Alors, acte de déni ou preuve de réalisme ?

En l’absence d’un débat national

Sans l’exprimer, mais tout en le laissant sous-entendre Sihem Nemsia Boughdiri rappelle que le gouvernement se soustrait aux manœuvres de politique politicienne et se moule dans un profil technocratique, au service de la nation. Une belle pirouette glissée avec une touche de responsabilité.

L’équipe gouvernementale actuelle fait savoir qu’elle s’emploie à atténuer, au maximum, le poids des méfaits de la décennie blanche de la transition inachevée et inopérante. Faute d’initier un nouveau modèle de développement, elle s’emploie à susciter un redémarrage de l’économie, afin de sauver les meubles. Elle joue son va-tout et advienne que pourra. Le gouvernement arrivé aux affaires le 11 octobre 2021 a manqué de temps. D’entrée de jeu, il lui a fallu rédiger, dans l’urgence, une loi de finances complémentaire pour l’exercice en cours. Et, tout de suite après, embrayer sur la loi de finances 2022, sous la tyrannie du chrono. C’est la première fois que le pays est confronté à de telles circonstances, ce qui rend l’exercice délicat comme le reconnaît Nemsia Boughdiri.
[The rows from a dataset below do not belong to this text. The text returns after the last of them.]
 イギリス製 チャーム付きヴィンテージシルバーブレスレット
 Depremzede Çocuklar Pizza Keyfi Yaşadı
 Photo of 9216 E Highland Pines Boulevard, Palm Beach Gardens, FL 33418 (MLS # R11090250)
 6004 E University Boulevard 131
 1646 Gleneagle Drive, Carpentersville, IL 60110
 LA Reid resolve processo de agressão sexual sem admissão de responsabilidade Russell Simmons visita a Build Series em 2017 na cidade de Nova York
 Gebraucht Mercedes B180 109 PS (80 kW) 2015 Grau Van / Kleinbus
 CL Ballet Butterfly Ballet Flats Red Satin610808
Cependant, dans la forme, le processus est sauf, car le budget est auto-voté dans les délais “légaux“, c’est-à-dire avant le 31 décembre. Et à l’examen, le document est dans les standards habituels et rien ne donne à penser qu’il a été hâté à la-va-vite.
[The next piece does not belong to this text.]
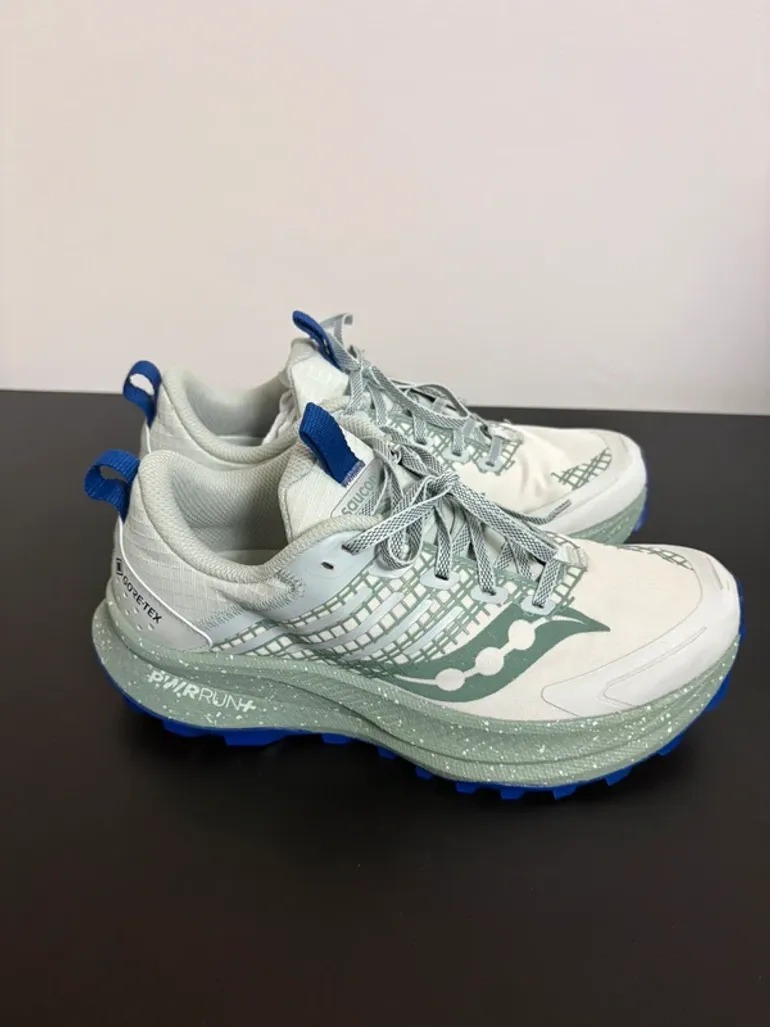 Used Saucony Trail Running Shoes Women bike — image 4 of 9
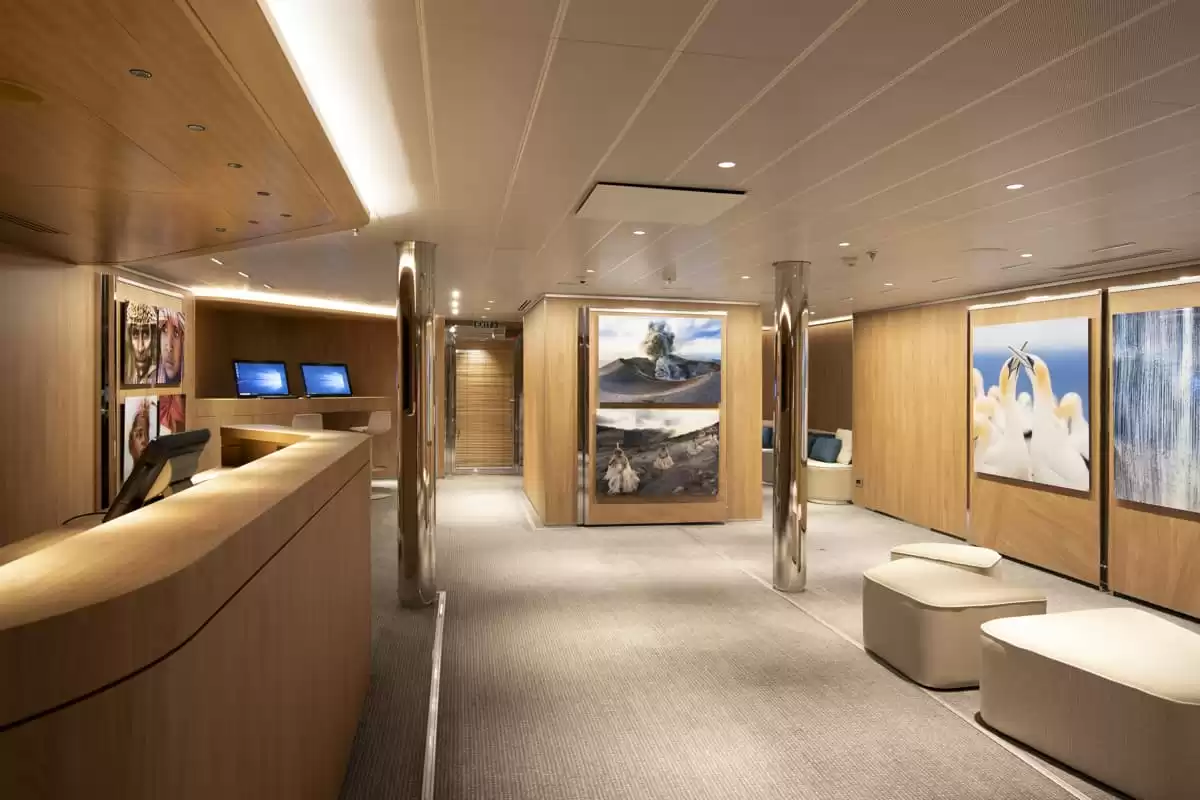 el  :  cabine 25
Les responsables du département des Finances ont été bousculés mais tout semble avoir été fait dans les règles. On en est à regretter que la conférence de presse se substitue à un débat national. Il est vrai que l’on a échangé sur tous les détails du document. Toutefois, l’opinion se sent, de ce fait, frustrée. Hélas, le pouvoir en place n’a pas pris la peine de réactiver le Conseil économique et social lequel, dans le contexte d’un Parlement gelé, aurait donné lieu à un processus démocratique.
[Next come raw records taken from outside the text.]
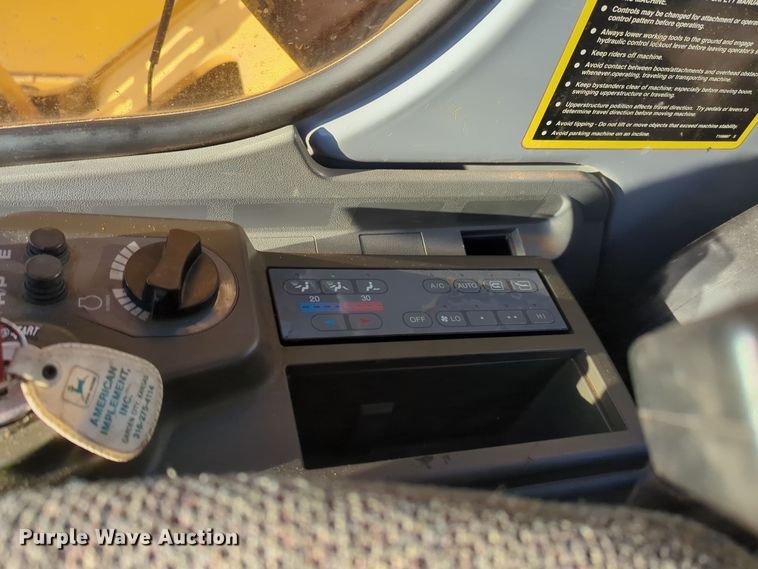 image for item ER1005 2001 John Deere 200LC excavator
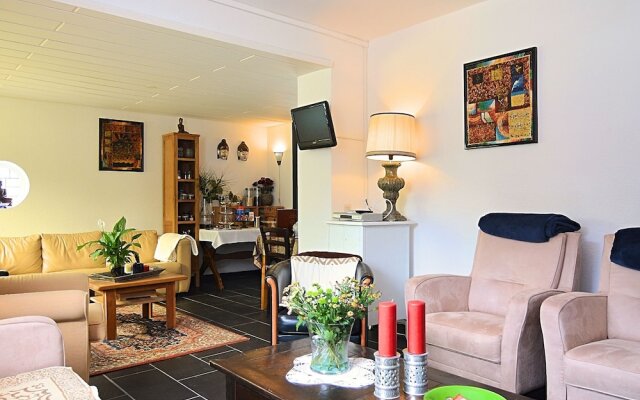 Snug Holiday Home With Storage, Roof Terrace, Private Garden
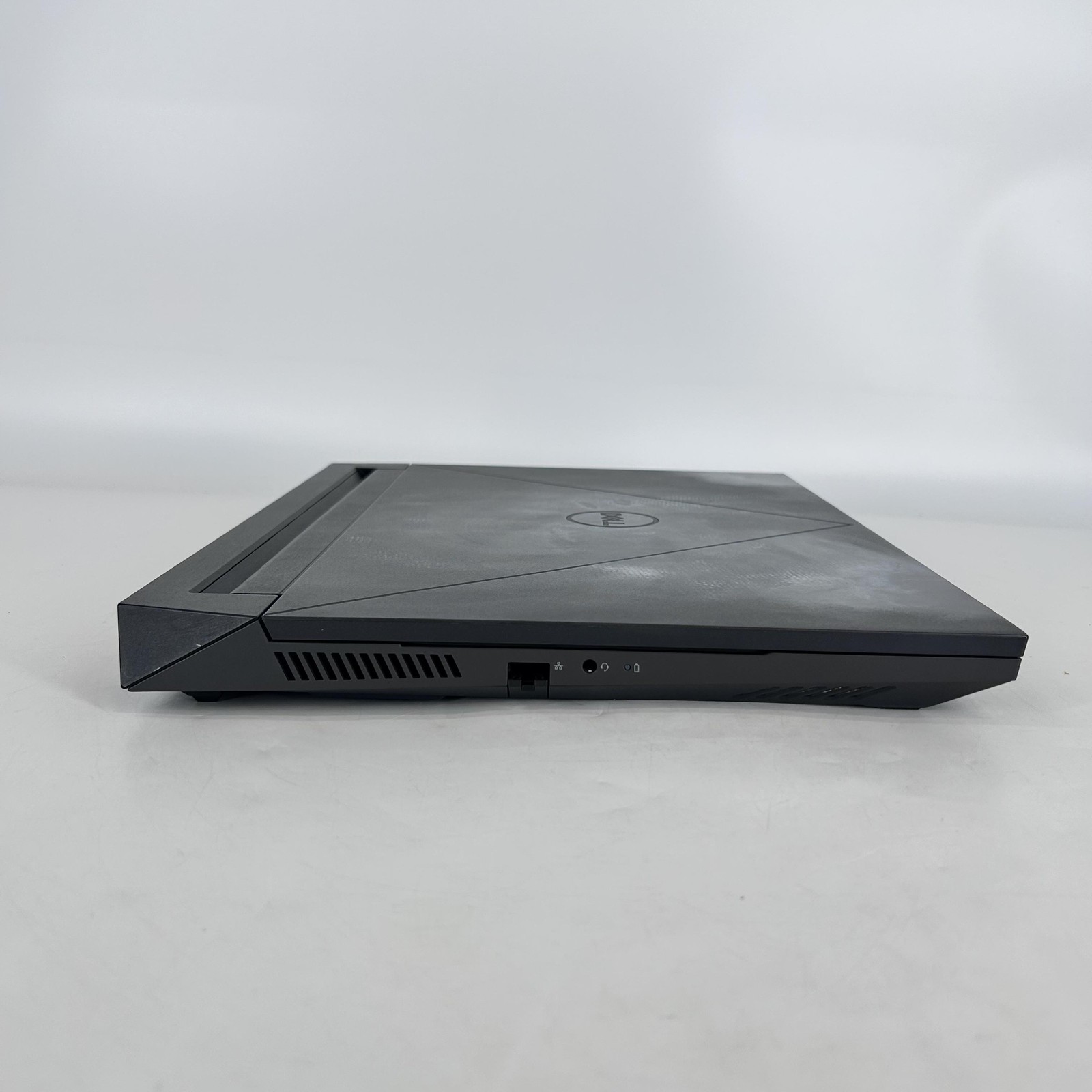 Dell G15 5530 15.6 120Hz FHD 2.6GHz i7-13650HX 16GB 1TB SSD NVIDIA RTX 4060 Good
Un document qui tient le choc 

Le budget de l’Etat 2022 comporte quelques distorsions. Les évolutions des grandes rubriques ne seront pas toutes de même amplitude. Cette discordance gêne quelque peu la cohérence du document sans l’invalider toutefois. Et le document, dans son ensemble, tient le choc. Le budget est bouclé à 57,291 milliards de dinars, ce qui représente une augmentation de 3,2% par rapport à la LFC de 2021, et ce qui est supérieur au taux de croissance de 2,6% retenu.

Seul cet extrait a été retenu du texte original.